Production versus Promise at the NBA Draft
Each year, the prospects for the NBA draft can be thrown into two neatly differentiated barrels: the ones who produced and the ones who have potential.
This seems oversimplified but go ahead and try to find a single draft hopeful who doesn’t fall into one of the two categories. Anyone being drafted either put up numbers in college or has people feeling like they could put up numbers in the pros. The top guys this year are no different.
Anthony Bennett – has promise
Trey Burke – produced
Kentavious Caldwell-Pope - produced
Michael Carter-Williams – has promise
Alex Len – has promise
CJ McCollum – produced
Ben McLemore – has promise
Nerlens Noel – has promise
Victor Oladipo – produced
Otto Porter – produced
And that is just a quick alphabetical of the guys atop people’s draft boards. I could keep going. So which is the better category to be in? Historically, the guys with potential always go a lot higher than guys with production. NBA teams are afraid that guys who produced may have shown their ceilings; they are safer picks for sure, but offer little chance of producing an all-star. This year may be different though. This year may be the first in ages where the producers (in general) get taken ahead of the unknowns. According to some high-profile mockers, we may see as many as five of the top ten guys be ones who produced in college: Porter, Oladipo, McCollum, Caldwell-Pope and Burke. This could be waffled over depending on your feelings on Caldwell-Pope’s and McLemore’s respective upsides but it’s not a perfect scale by any means.
Nevertheless, what this mini-trend says about NBA execs is hard to pinpoint. Are they shying away from project picks who may not pan out? No, probably not. Teams will always reach for the all-star potential rather than the reliable role player.

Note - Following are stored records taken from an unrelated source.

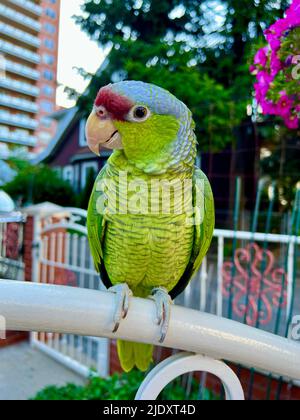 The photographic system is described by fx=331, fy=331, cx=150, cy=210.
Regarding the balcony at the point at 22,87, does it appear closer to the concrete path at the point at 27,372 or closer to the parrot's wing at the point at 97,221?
the parrot's wing at the point at 97,221

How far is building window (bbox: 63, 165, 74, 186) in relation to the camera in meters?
1.80

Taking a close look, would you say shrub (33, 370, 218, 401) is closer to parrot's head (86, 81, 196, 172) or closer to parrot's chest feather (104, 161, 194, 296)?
parrot's chest feather (104, 161, 194, 296)

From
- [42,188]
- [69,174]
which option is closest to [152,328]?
[69,174]

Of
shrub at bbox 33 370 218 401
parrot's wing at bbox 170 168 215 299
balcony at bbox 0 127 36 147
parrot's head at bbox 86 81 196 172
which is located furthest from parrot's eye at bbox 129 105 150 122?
shrub at bbox 33 370 218 401

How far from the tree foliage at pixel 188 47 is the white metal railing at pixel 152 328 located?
729 mm

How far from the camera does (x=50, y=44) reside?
69 centimetres

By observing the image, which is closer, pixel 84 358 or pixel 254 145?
pixel 84 358

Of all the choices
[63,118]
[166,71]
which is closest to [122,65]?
[166,71]

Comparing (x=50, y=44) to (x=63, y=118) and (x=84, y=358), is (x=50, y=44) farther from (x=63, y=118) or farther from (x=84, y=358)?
(x=84, y=358)

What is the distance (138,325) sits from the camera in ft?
1.00

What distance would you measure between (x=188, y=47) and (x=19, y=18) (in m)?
0.80

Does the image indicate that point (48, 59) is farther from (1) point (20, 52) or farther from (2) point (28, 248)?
(2) point (28, 248)

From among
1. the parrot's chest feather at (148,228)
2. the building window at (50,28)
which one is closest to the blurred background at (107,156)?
the building window at (50,28)

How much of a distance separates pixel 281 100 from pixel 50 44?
47 cm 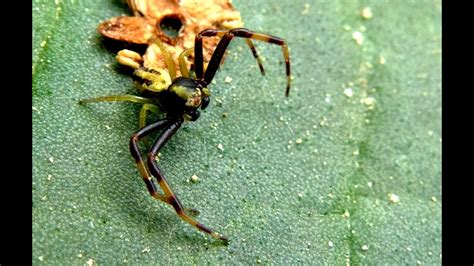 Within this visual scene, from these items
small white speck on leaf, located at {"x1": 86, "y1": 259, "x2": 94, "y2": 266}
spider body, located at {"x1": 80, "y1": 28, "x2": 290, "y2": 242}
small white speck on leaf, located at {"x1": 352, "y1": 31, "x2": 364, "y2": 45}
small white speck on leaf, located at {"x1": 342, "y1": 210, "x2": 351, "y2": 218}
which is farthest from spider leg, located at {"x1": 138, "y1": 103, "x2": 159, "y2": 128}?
small white speck on leaf, located at {"x1": 352, "y1": 31, "x2": 364, "y2": 45}

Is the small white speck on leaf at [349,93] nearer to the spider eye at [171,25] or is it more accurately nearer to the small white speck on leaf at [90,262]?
the spider eye at [171,25]

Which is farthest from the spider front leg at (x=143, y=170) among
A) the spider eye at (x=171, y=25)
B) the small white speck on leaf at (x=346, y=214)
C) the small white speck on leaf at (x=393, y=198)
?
the small white speck on leaf at (x=393, y=198)

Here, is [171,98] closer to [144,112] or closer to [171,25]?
[144,112]

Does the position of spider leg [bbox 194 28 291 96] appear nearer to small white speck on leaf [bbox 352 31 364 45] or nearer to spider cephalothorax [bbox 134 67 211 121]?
spider cephalothorax [bbox 134 67 211 121]

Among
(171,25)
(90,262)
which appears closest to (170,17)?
(171,25)

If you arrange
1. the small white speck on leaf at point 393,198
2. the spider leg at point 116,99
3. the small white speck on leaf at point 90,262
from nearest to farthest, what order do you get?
the small white speck on leaf at point 90,262, the spider leg at point 116,99, the small white speck on leaf at point 393,198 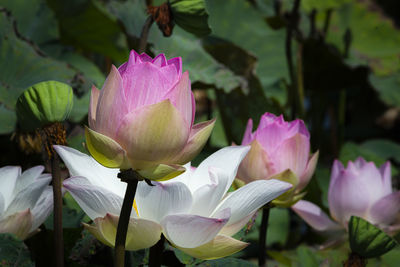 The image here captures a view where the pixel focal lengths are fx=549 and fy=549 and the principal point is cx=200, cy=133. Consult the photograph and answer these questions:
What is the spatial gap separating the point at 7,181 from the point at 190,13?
0.24 m

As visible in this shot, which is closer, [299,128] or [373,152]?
[299,128]

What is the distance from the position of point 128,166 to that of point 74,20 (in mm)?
921

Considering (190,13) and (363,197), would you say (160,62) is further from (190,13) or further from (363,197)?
(363,197)

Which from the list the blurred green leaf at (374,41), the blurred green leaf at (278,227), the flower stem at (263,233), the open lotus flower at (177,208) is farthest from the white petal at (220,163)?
the blurred green leaf at (374,41)

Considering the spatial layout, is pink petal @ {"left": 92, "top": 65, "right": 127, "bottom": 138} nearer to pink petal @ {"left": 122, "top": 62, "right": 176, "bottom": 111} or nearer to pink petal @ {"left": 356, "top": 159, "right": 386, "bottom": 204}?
pink petal @ {"left": 122, "top": 62, "right": 176, "bottom": 111}

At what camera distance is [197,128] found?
375 mm

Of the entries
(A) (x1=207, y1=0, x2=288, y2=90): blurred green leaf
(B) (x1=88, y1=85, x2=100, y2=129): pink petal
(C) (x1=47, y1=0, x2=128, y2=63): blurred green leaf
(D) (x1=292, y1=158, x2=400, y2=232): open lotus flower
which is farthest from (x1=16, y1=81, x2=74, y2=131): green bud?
(A) (x1=207, y1=0, x2=288, y2=90): blurred green leaf

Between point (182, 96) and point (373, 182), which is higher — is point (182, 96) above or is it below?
above

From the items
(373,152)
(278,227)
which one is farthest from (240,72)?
(373,152)

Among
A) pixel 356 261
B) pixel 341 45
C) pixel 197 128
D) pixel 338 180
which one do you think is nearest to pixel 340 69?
pixel 341 45

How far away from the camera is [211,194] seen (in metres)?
0.40

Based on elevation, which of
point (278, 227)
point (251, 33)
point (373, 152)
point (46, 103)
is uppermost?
point (46, 103)

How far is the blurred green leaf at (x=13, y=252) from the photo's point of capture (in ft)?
1.41

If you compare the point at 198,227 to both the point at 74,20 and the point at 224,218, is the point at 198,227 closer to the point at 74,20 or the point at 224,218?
the point at 224,218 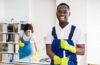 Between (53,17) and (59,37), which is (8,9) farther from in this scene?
(59,37)

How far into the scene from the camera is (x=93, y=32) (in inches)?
214

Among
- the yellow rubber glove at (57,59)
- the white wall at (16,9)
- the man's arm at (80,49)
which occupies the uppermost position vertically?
the white wall at (16,9)

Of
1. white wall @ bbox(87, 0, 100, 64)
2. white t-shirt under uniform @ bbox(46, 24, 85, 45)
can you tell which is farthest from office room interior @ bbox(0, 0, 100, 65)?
white t-shirt under uniform @ bbox(46, 24, 85, 45)

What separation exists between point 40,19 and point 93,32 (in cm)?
148

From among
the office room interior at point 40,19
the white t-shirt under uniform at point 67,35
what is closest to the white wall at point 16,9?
the office room interior at point 40,19

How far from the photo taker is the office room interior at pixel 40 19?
17.3 feet

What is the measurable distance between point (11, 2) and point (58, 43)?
Answer: 14.5 ft

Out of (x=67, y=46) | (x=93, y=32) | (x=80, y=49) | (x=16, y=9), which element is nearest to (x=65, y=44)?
(x=67, y=46)

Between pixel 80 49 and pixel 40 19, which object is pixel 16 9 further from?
pixel 80 49

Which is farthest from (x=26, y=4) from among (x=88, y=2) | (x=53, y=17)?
(x=88, y=2)

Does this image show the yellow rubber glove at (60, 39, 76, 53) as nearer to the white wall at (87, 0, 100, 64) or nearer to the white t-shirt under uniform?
the white t-shirt under uniform

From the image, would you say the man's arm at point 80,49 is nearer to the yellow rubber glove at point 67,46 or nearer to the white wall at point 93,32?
the yellow rubber glove at point 67,46

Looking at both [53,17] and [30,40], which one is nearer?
[30,40]

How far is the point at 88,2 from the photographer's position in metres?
5.42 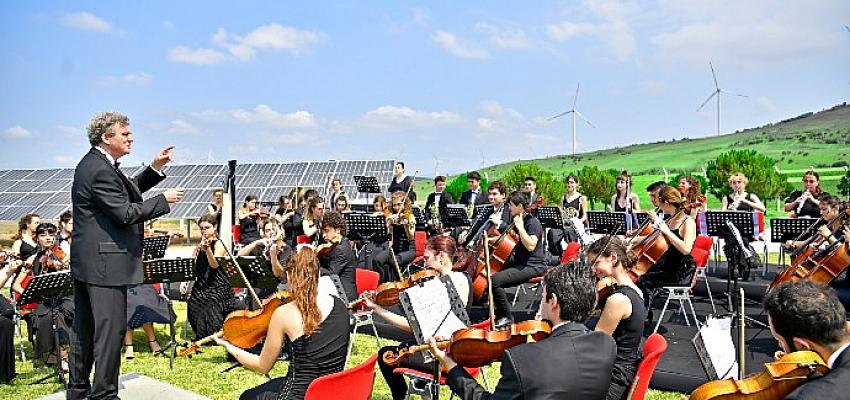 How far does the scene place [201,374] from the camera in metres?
6.42

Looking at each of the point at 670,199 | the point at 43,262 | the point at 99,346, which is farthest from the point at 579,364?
the point at 43,262

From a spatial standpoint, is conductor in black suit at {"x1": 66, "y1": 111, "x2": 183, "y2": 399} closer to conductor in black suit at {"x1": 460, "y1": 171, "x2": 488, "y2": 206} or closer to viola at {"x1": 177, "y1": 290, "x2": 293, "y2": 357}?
viola at {"x1": 177, "y1": 290, "x2": 293, "y2": 357}

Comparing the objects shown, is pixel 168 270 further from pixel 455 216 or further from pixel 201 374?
pixel 455 216

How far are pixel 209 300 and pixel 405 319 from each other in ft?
10.1

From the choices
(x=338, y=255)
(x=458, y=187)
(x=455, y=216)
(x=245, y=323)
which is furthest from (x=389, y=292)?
(x=458, y=187)

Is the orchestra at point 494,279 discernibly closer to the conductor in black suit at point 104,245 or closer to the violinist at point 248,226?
the violinist at point 248,226

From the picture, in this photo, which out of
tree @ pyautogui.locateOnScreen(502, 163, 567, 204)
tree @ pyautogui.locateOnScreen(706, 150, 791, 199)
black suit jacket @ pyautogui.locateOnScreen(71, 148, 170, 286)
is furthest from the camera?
tree @ pyautogui.locateOnScreen(502, 163, 567, 204)

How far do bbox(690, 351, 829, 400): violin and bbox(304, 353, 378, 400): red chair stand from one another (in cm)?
153

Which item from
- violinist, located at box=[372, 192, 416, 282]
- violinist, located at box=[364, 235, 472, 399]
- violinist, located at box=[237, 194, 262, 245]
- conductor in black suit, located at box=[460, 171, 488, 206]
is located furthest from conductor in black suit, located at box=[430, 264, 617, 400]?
conductor in black suit, located at box=[460, 171, 488, 206]

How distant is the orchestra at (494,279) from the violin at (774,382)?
0.22ft

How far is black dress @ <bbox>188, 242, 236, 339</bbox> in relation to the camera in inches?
273

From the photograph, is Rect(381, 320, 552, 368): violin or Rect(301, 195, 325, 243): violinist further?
Rect(301, 195, 325, 243): violinist

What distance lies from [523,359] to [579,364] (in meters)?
0.23

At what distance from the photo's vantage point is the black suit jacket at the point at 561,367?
2725 millimetres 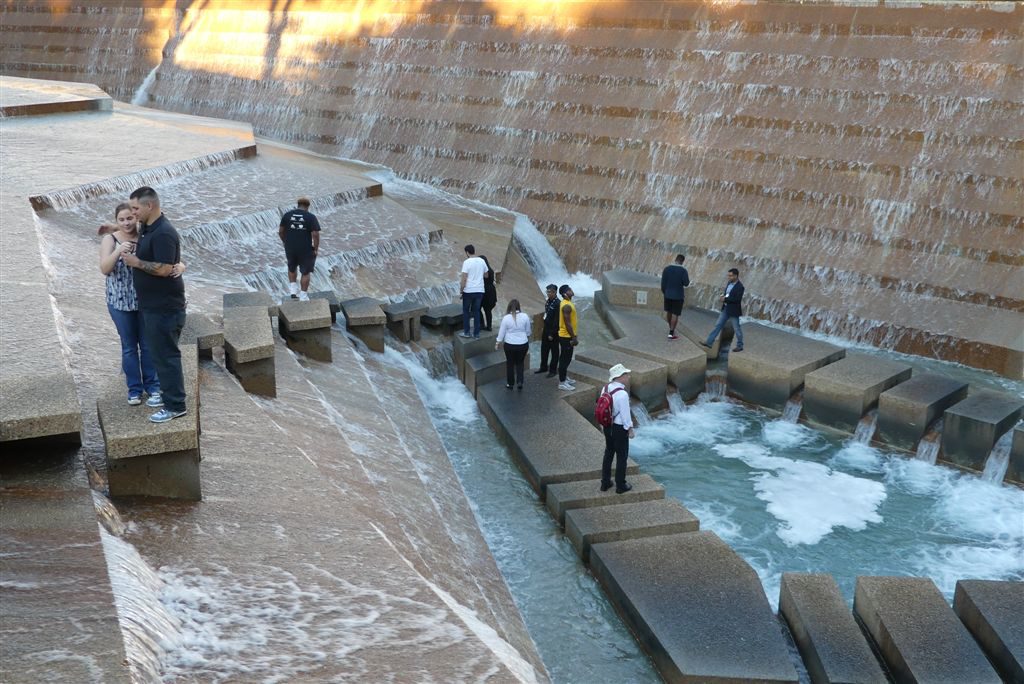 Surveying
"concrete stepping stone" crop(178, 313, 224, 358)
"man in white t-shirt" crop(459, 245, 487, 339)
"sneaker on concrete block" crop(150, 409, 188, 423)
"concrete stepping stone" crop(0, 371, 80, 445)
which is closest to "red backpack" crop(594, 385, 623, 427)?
"concrete stepping stone" crop(178, 313, 224, 358)

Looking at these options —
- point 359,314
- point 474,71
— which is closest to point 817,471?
point 359,314

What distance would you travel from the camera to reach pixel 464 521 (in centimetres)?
905

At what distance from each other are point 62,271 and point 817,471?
337 inches

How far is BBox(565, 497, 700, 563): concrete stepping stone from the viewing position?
862 centimetres

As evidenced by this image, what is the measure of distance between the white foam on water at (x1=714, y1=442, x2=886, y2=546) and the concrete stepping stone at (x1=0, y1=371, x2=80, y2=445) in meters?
6.68

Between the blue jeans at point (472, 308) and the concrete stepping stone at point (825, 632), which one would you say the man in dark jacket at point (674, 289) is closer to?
the blue jeans at point (472, 308)

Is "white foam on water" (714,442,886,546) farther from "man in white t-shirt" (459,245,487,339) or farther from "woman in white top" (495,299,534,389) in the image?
"man in white t-shirt" (459,245,487,339)

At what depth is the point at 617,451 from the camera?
A: 9.14 m

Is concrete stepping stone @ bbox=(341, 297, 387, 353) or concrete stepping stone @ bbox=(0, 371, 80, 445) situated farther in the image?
concrete stepping stone @ bbox=(341, 297, 387, 353)

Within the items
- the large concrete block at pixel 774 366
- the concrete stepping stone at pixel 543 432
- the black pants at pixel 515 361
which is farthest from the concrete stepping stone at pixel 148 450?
the large concrete block at pixel 774 366

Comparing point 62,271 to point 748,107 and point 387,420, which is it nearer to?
point 387,420

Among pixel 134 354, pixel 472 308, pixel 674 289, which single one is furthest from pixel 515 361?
pixel 134 354

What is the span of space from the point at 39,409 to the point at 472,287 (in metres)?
7.15

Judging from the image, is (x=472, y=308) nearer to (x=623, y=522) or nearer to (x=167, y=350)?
(x=623, y=522) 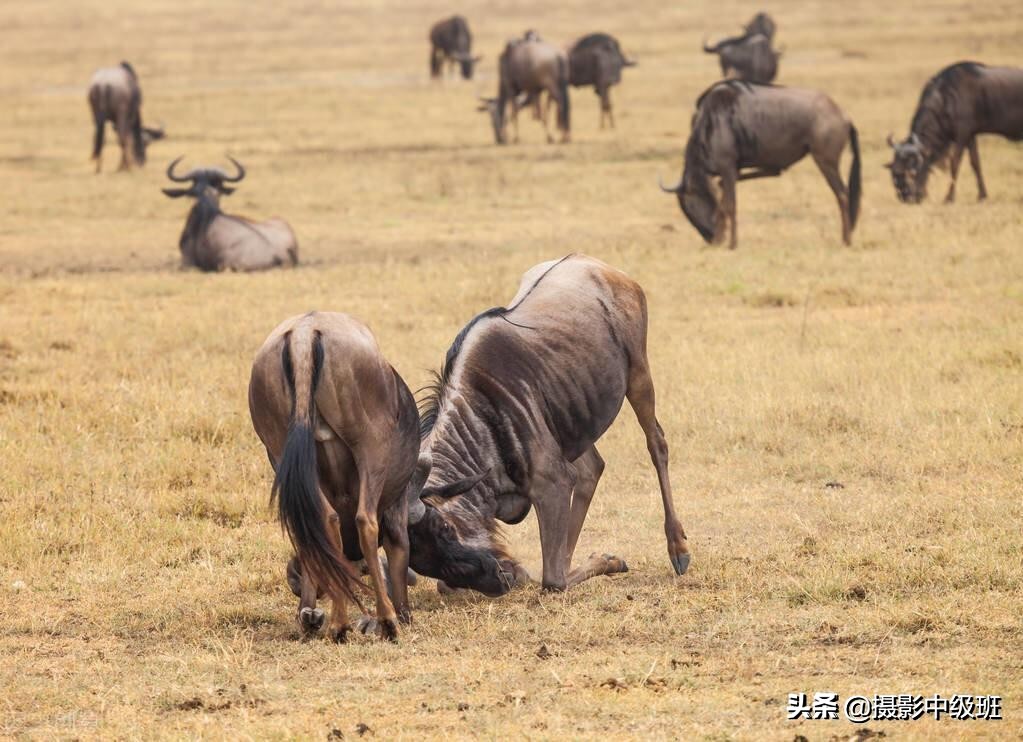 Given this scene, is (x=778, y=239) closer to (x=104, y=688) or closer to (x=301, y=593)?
(x=301, y=593)

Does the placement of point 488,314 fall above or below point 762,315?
above

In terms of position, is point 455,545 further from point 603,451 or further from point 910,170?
point 910,170

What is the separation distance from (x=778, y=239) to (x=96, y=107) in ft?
37.0

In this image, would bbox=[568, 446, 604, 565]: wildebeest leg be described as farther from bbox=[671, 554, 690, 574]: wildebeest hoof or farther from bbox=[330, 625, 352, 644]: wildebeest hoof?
bbox=[330, 625, 352, 644]: wildebeest hoof

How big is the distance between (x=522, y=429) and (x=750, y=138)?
9.12m

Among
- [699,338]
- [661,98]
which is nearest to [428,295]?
[699,338]

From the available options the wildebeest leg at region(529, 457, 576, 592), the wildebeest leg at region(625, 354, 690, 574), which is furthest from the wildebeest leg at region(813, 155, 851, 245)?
the wildebeest leg at region(529, 457, 576, 592)

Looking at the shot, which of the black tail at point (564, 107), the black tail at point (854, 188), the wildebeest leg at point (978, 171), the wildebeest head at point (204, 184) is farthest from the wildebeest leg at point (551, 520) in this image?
the black tail at point (564, 107)

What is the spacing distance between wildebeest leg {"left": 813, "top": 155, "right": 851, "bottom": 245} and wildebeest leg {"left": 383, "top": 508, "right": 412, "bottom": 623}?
30.9 feet

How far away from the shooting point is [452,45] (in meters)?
Answer: 37.5

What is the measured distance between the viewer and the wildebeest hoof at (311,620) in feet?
17.3

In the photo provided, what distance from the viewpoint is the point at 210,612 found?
220 inches

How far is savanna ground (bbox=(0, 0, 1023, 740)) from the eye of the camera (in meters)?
4.60

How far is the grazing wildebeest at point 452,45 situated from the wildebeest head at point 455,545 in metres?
32.1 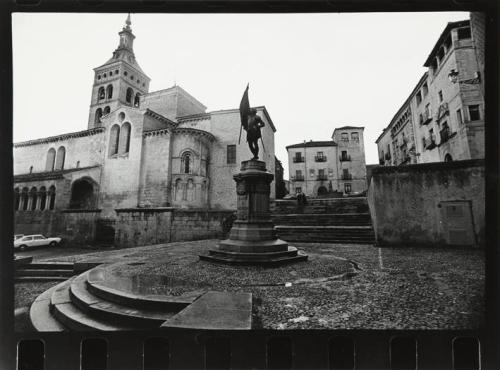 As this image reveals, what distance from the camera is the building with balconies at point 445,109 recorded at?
16.0 meters

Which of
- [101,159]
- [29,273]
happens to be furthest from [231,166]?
[29,273]

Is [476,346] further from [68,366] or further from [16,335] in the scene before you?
[16,335]

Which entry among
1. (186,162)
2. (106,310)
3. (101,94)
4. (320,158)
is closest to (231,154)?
(186,162)

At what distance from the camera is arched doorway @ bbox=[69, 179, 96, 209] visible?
93.8ft

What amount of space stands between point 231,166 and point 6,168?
25480mm

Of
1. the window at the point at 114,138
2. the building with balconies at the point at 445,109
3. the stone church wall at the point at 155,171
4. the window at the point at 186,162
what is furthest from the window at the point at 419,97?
the window at the point at 114,138

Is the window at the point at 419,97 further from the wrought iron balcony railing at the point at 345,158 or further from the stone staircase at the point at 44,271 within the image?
the stone staircase at the point at 44,271

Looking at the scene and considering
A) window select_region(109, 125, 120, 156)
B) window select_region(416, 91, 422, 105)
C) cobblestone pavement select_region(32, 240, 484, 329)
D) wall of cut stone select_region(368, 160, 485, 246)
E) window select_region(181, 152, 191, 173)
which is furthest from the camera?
window select_region(109, 125, 120, 156)

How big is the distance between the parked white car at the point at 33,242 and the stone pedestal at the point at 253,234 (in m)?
15.6

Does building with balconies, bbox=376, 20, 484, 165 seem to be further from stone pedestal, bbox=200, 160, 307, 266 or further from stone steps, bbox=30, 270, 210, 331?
stone steps, bbox=30, 270, 210, 331

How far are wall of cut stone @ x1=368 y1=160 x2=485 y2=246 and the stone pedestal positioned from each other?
504cm

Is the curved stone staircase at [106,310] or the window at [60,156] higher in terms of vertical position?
the window at [60,156]

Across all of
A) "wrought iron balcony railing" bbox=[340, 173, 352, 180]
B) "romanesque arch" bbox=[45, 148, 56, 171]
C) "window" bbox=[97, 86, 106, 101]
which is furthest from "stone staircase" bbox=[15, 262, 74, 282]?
"window" bbox=[97, 86, 106, 101]

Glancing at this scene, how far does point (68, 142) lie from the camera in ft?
110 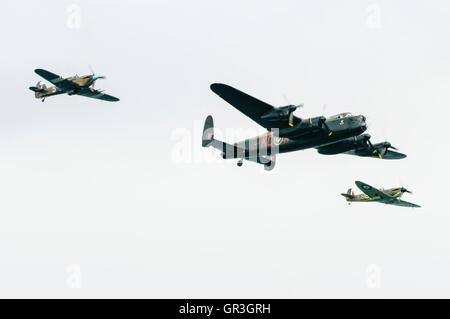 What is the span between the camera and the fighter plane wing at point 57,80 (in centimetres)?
4459

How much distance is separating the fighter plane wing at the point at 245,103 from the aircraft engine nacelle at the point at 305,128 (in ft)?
1.63

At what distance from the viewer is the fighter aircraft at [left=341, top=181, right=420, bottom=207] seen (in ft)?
161

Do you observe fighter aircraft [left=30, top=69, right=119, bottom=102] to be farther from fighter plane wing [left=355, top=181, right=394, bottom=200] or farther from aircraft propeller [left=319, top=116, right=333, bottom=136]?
fighter plane wing [left=355, top=181, right=394, bottom=200]

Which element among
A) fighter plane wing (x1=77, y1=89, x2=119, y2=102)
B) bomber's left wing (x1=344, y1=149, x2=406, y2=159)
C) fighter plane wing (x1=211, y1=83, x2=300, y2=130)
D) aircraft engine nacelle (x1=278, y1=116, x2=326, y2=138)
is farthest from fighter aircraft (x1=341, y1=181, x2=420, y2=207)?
fighter plane wing (x1=77, y1=89, x2=119, y2=102)


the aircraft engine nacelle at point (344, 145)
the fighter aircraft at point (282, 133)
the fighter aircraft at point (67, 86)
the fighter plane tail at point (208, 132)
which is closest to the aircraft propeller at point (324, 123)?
the fighter aircraft at point (282, 133)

What this really is hinting at is that the 2013 draft is low on potential. Said another way, these guys aren’t very good, in the eyes of the pro scouts.
This may be a down year. Next year certainly seems to be trending back up as far as draft prospects go. But this is also a sign that college basketball talent is down in general. This is because of the age restrictions and good college guys are all leaving after their freshman season and blah blah blah. Certainly NCAA basketball has turned into a young man’s game. While upperclassmen still own the All-American rosters, freshmen dominate the headlines. This is a fact that will not go away. The question is when will NBA execs start following the same blueprint by allowing the young guys to get all the fanfare but taking the experienced veteran to most help their team? The answer may be 2013. Whether that becomes an aberration or a trend remains to be seen.